There were other trials in the life of this Richland County native. His son died at the age of 6 months from hydrocephalus, which he blames on Agent Orange – an herbicide and defoliant chemical John was exposed to during the war.
Then, in 1996, Austin was born with Down syndrome.
Not long after Austin began competing in Special Olympics, John became an assistant coach for the school-age basketball team. Four years later, in 2010, he became the head coach and served in that position until this past March. During his tenure, his teams won three state championships in a row and finished as runner-up this past season.
John came to the job with plenty of coaching experience in the Lucas School District, including girls’ basketball and softball plus boys track.
But he says being a Special Olympics coach is the best job he has ever had.
“The referees don’t give you any problems, the parents don’t give you any problems, and the kids don’t, and I love them,” John adds. “It’s gratifying just to see.”
“When I first started coaching, everybody on the team I wanted them to score at least one basket during the year,” he says. “Everybody did every year.”
He also emphasized conditioning and designed plays for them to do during a game. The first four years of coaching, John had 19 players. The past two years there were 27 so he had two teams.
The person who nominated John for the Hero with Heart award noted he doesn’t just coach.
“He really tries to help these kids succeed in basketball, in school, and in life,” noted the nominator.
John would often transport players to and from practice and would sometimes take them out to eat after a game. He hosted an annual pool party and cookout at his home for the players and their families and, about six years ago, one of the players actually lived with him for about three months due to a difficult family situation.
“It’s just not basketball,” John says. “I want to make a better person out of them, too.”
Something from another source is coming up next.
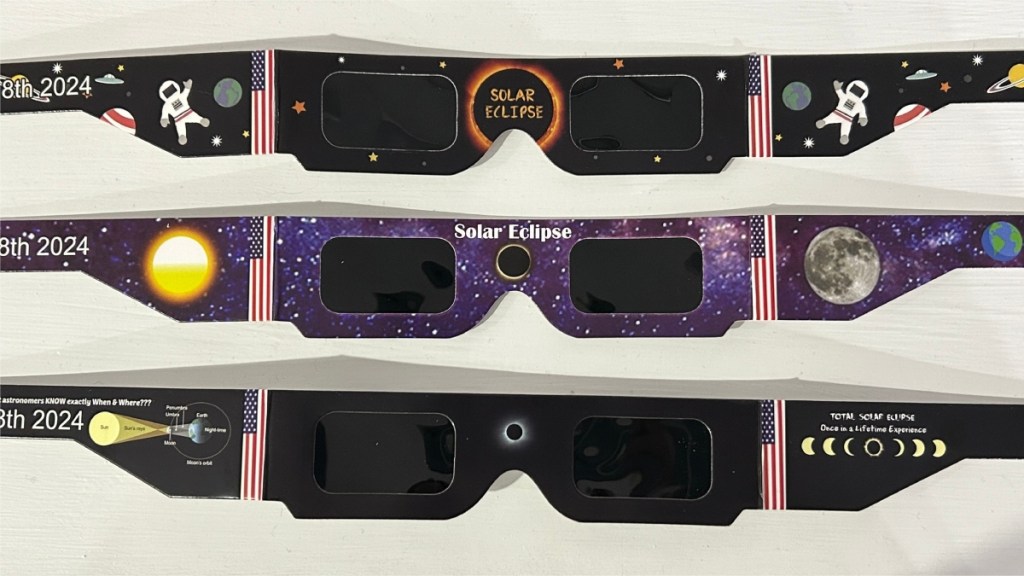 Row of three pairs of solar eclipse glasses laid out on a table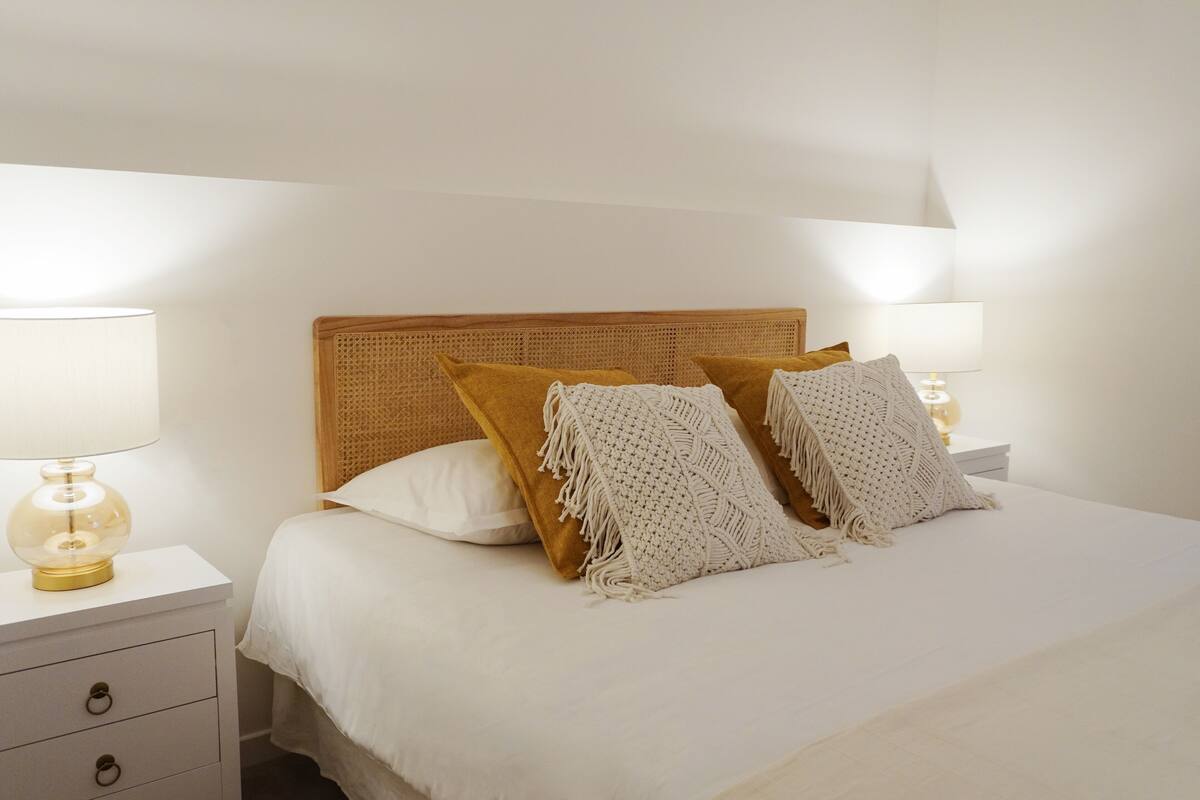 Cama bem arrumada com cabeceira trançada, duas luminárias laterais e mesa de cabeceira branca com gavetas.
John’s volunteer efforts don’t end there. For several years, he organized a successful car show at the Richland Mall to raise money for Special Olympics.
And now, at the age of 71, John has decided to stop serving as the head basketball coach so he can spend part of the winter with his daughter in Florida.
“I’ll probably miss it, too, but that’s why I’m helping (with) track,” he explains.
Through the years, John has made many friends and impacted the lives of many individuals. They’ve had an impact on him, too.
“All these kids made a better person out of me,” adds John.